To do –
Pictures within the data are to be left out; everything else must be reproduced exactly.

Data block –
───

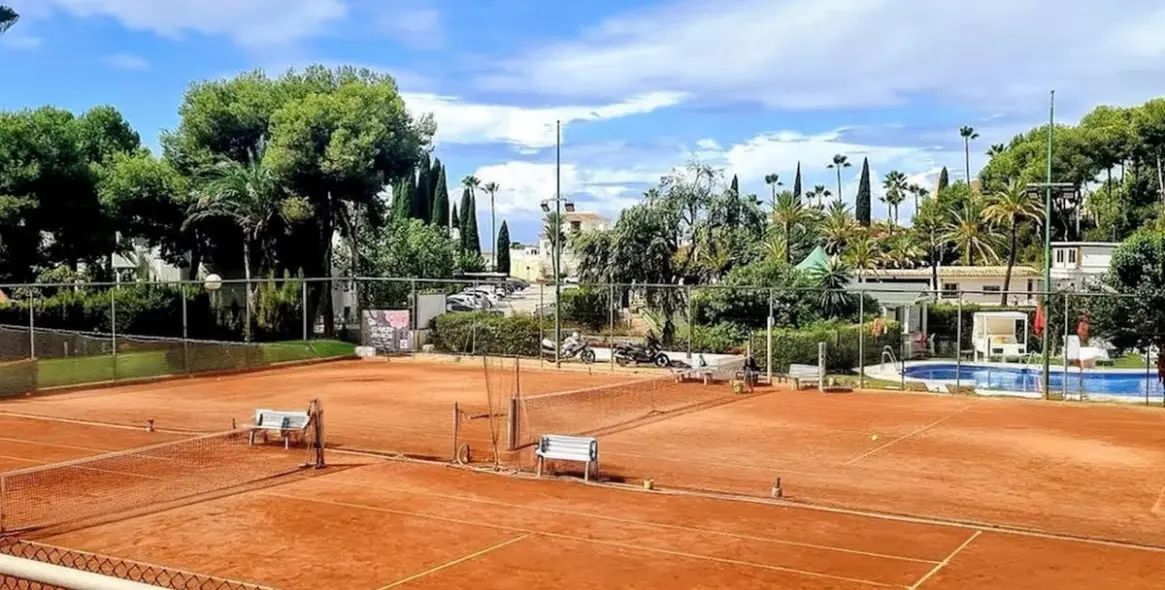 Sale of middle floor apartment in Miraflores 17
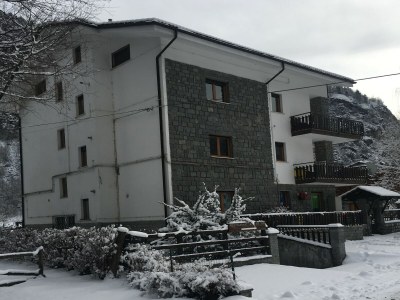 Chalet Großzügiges Chalet in Antey-Saint-André in Skigebietnähe - Outdoor photo 4
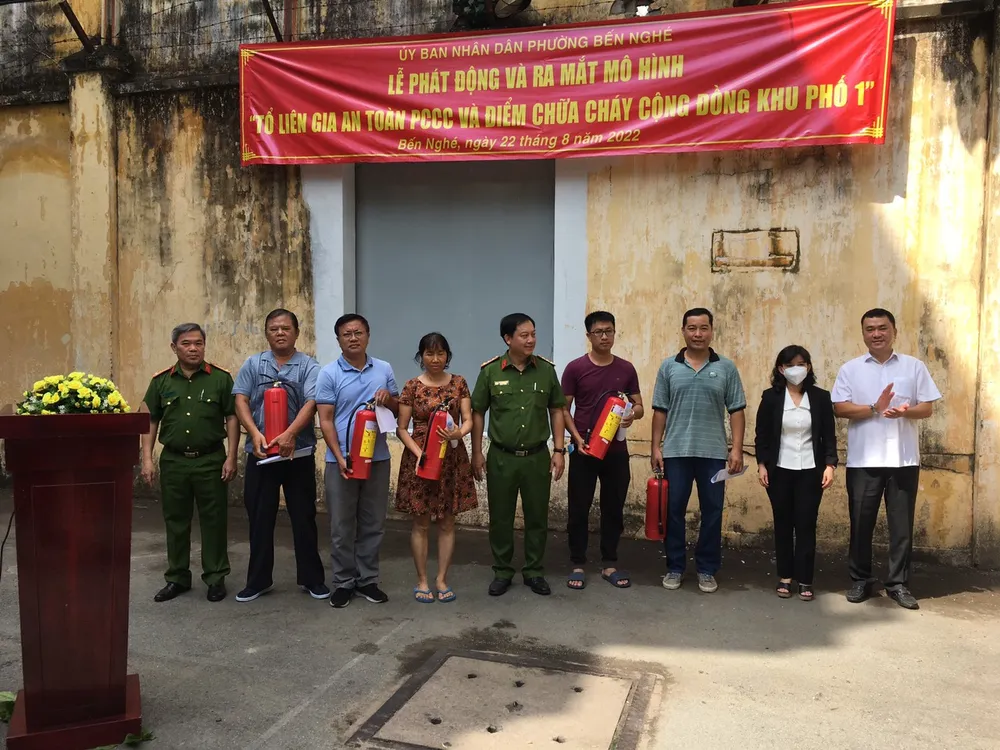 Ra mắt mô hình Tổ liên gia an toàn PCCC và Điểm chữa cháy công cộng ở quận 1 ảnh 1 Ra mắt mô hình Tổ liên gia an toàn PCCC và Điểm chữa cháy công cộng ở quận 1 ảnh 1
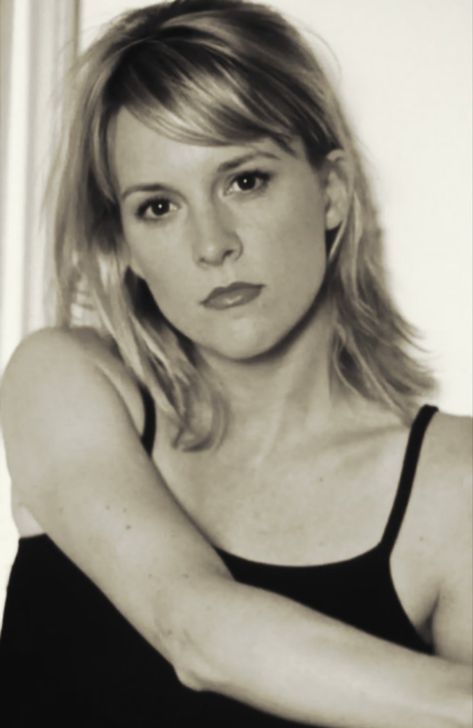 Laurel Holloman, Fantasy Life, The L Word, It Cast, Tv Shows, Film, Tv, Books, Music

───

Your response –
 Sale of middle floor apartment in Miraflores 17
 Chalet Großzügiges Chalet in Antey-Saint-André in Skigebietnähe - Outdoor photo 4
 Ra mắt mô hình Tổ liên gia an toàn PCCC và Điểm chữa cháy công cộng ở quận 1 ảnh 1 Ra mắt mô hình Tổ liên gia an toàn PCCC và Điểm chữa cháy công cộng ở quận 1 ảnh 1
 Laurel Holloman, Fantasy Life, The L Word, It Cast, Tv Shows, Film, Tv, Books, Music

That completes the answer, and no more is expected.